Of dat ik straks als trotse afgestudeerde student (jaja, bachelor nog maar) mijn bachelordiploma in ontvangst neem en later blijkt dat ik mijn hele scriptie niet eens had mogen halen, omdat hij vol fouten stond en Universiteit Utrecht mij gewoon weg wilde hebben, zodat het aantal excellente studenten de overhand neemt (dat ben ik dus duidelijk niet).

Het lijkt mij dus beter om die hoogleraren en professoren nu maar met een korreltje zout te nemen en vooral heel nonchalant hun boeken en artikelen door te gaan bladeren.

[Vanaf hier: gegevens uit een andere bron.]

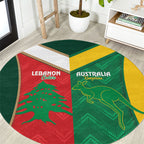 Rugby Australia and Lebanon Round Carpet Aussie Kangaroos Cedars Together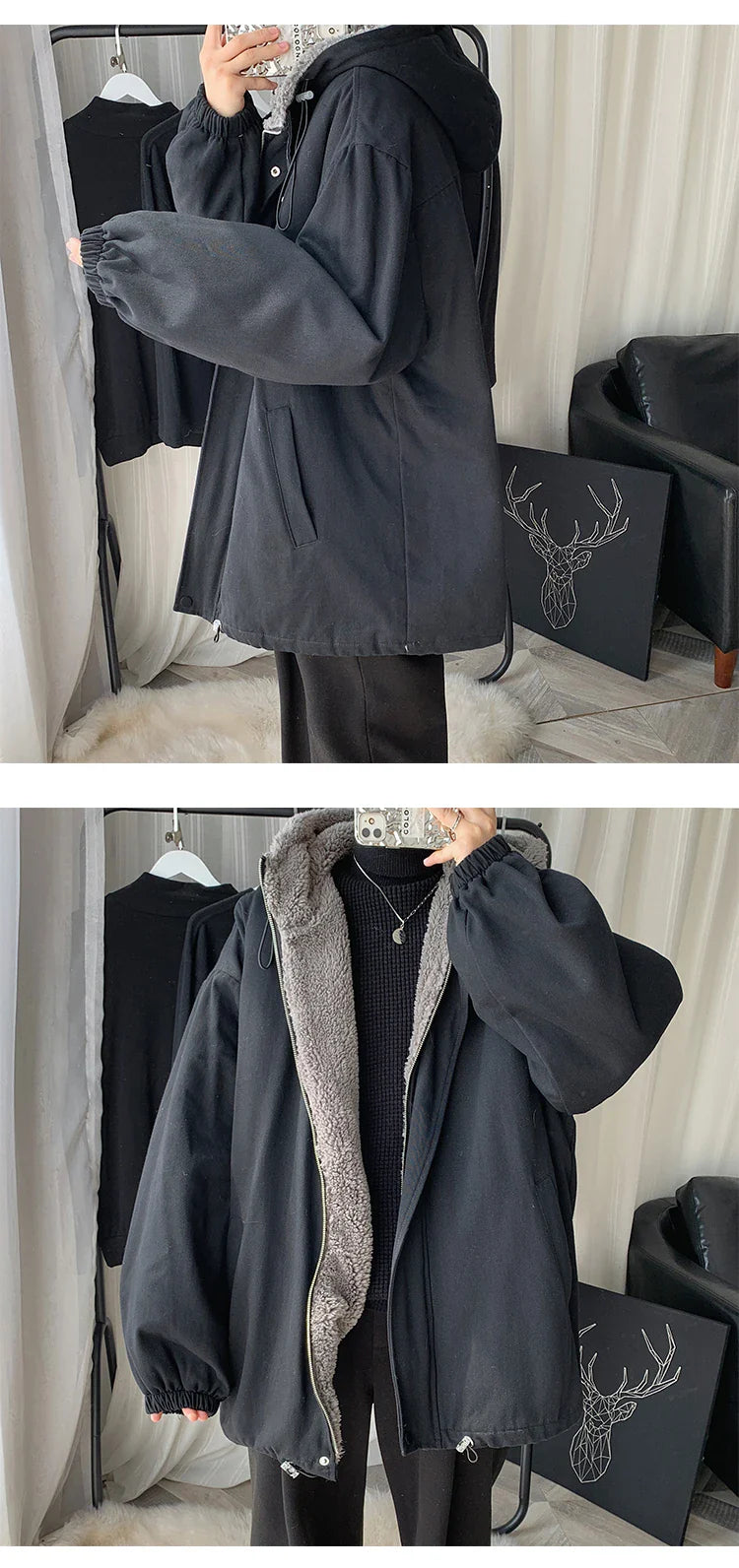 Winter Thick Lamb Fur Jacket Men Hooded Coat Oversized Short Coat
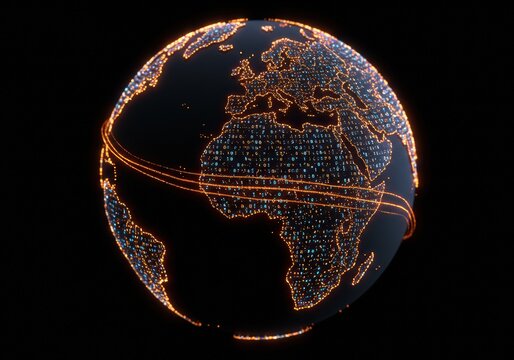 Digital globe with glowing data and network connections, set against a dark background. - Powered by Adobe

Over een jaar of 10 komt toch wel aan het licht dat het artikel grotendeels uit geblaat bestond en geloof mij: dan ben je misschien nog wel blij dat je voor een tentamen gezakt bent, waarvoor je alleen maar onzin had moeten leren.

vrijdag 27 september 2013

32. Ruggen mysterie

De rug. Of eigenlijk: de vrouwenrug. Het heeft iets speciaals en iets moois. Als het bedekt is zonder al teveel vel, overtollig vet of rimpels is de rug een prachtig fenomeen. Nu vraag je je misschien af waarom ik een blog wijd aan de rug?

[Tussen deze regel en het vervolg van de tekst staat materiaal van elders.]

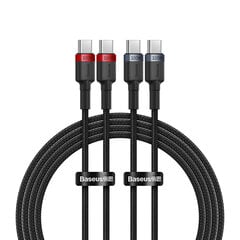 Baseus Cafule USB-C | USB-C cable 100W 1 m - red-black and black-gray (2 pcs.) цена и информация | Кабели для телефонов | pigu.lt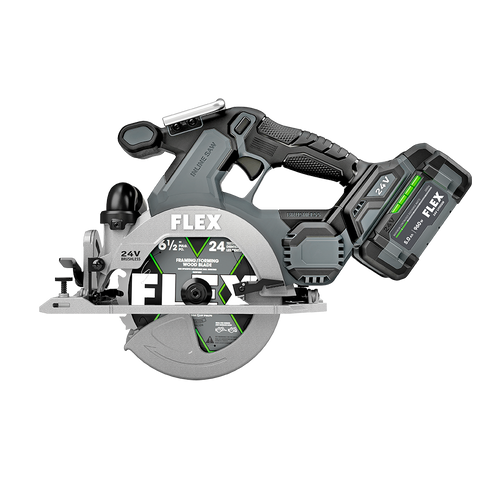 FLEX FL-FX2131A-1C 24V 6-1/2in In-Line Circular Saw 5.0Ah Kit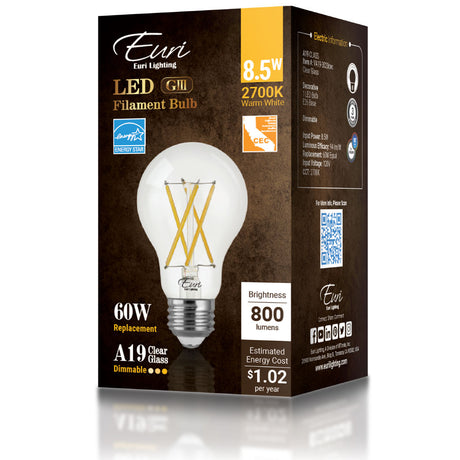 Euri Lighting VA19-3020cec 8.5 Watt A19 Filament LED 2700K 120V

Na de film Silver Linings Playbook begon ik mij af te vragen 1. Waarom Amerikanen zo preuts zijn en 2. Waarom de mannen in die films vrijwel altijd een harde piemel lijken te krijgen van het enkel kijken naar een blote rug van een vrouw? En to be honest, ik kan het antwoord niet geven. Dat Amerikanen niet graag naakt laten zien (jaja, Game of Thrones valt daar niet onder), dat was al duidelijk. Nederlanders daarentegen lijken totaal geen problemen te hebben met naakt. Sowieso is voor de Nederlander een film zonder naaktheid altijd wel een tegenvaller. Daar waar Nederlandse films full frontal nudity laten zien stopt de Amerikaanse camera waar de borsten van de Amerikaanse actrice horen te beginnen. Heel flauw hoor!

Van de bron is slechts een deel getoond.